Uno, en concreto, que siempre será sinónimo de arte. Lo he visto derramar angustias desde sus ojos, y lo he visto reír. Temblar, temer por sí y seguir. Supongo que nunca podrá librarse de esa fuerza especial y particular que lo hace estar vinculado con su sensibilidad a lo más hermoso dentro de lo mundano, de lo que parece trivial. Su habilidad reside en encontrar maravillas hasta en los cardos de su propio camino, de saber atrapar los destellos de una mano mágica y fugaz que deja un rastro que ni sus ojos, ni los ojos de sus ojos, dejaban escapar. Y así es, y será, atrapándolo todo, la luz, los colores y las formas, las perspectivas que serán también las suyas. A ese paisaje solo lo podré llamar Paula.

Por extraño que parezca, al lado de Paula hay otro lugar. Es extraño, y a veces resulta incluso siniestro, cerrado e inescrutable. Digamos que es tímido, pero desde las capas de magma de su forma de ser, a veces aparecen relámpagos de luz blanca. Suele sonreír. Este rasgo, junto con su habitual quietud y calma, es el que lo define. Me recuerda a un volcán. Nunca sabes cuándo va a estallar de verdad, con la fuerza imparable de sus entrañas, de su visceralidad y su pasión. Digamos que incluso es hasta traicionero en ciertos aspectos, y que en sus gestos guarda secretos que solo él conoce. Igual que un volcán la lava de su corazón. Al volcán lo llamo María.

En la estrechez del camino he podido ver muchas cosas, además del volcán y el precioso y delicado paisaje. Con su curiosidad y su minúscula anatomía se ha ido recorriendo todos los lugares que ha podido alcanzar. Ha hecho reír al volcán y al paisaje. Ha compartido horas con ellos, conmigo también. Desde su pequeñez, en sus ojos se observan luces de pillería y arrojo.
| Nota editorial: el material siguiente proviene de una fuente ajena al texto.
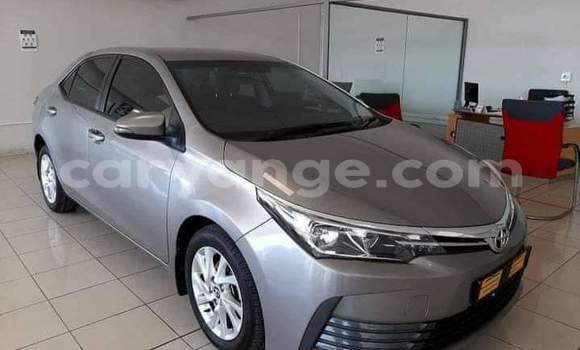 Buy Used Toyota Corolla Silver Car in Windhoek in Namibia Buy Used Toyota Corolla Silver Car in Windhoek in Namibia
El pequeño hurón ve el mundo desde abajo, pero lo mira a la cara. También lo vi llorar, como al paisaje, y temblar de rabia o suspirar melancólico. El hurón, disciplinado y organizado, acumula un talento especial para el estudio. Siempre sabe qué tiene que hacer, adónde ha de ir, y en raras ocasiones lo he visto dudar. Lo cierto es que ha compartido más tiempo con el paisaje y el volcán, pero aun así no quedan lugares para la posibilidad de la incertidumbre. El huroncito podría bien ser, por su dedicación y la seriedad con la que se pone manos a la obra, una enorme criatura, pero eso le impediría corretear con su risa por donde le apetezca. Además, no le hace falta, ya es grande. El hurón se llama Laura y una vez, en el cine, durante una película horrible, se durmió sobre mi hombro izquierdo.

El hurón también se marcha, a seguir su camino de caminos, para llegar hasta horizontes lejanos pero tangibles. El volcán permanece, y el hermosísimo paisaje, lleno de sensibilidad, se queda con él, compartiendo distancias, que en este sendero se miden por tiempo, y a lo mejor un destino.

No obstante habrá, en la memoria de este niño raro y soñador, un hueco enorme para los increíbles lugares y criaturas que ha conocido. No siempre se puede besar en la mejilla a un volcán, ni abrazar a un paisaje con algo más que con los ojos. Ni robarle sonrisas a un hurón.

El niño se marcha, pero no abandona, y puede que algún día, mientras navega por las aguas embravecidas de este río que lo espera, deje mayor constancia de lo que ha descubierto en este año. Mayor constancia y, con suerte, más digna.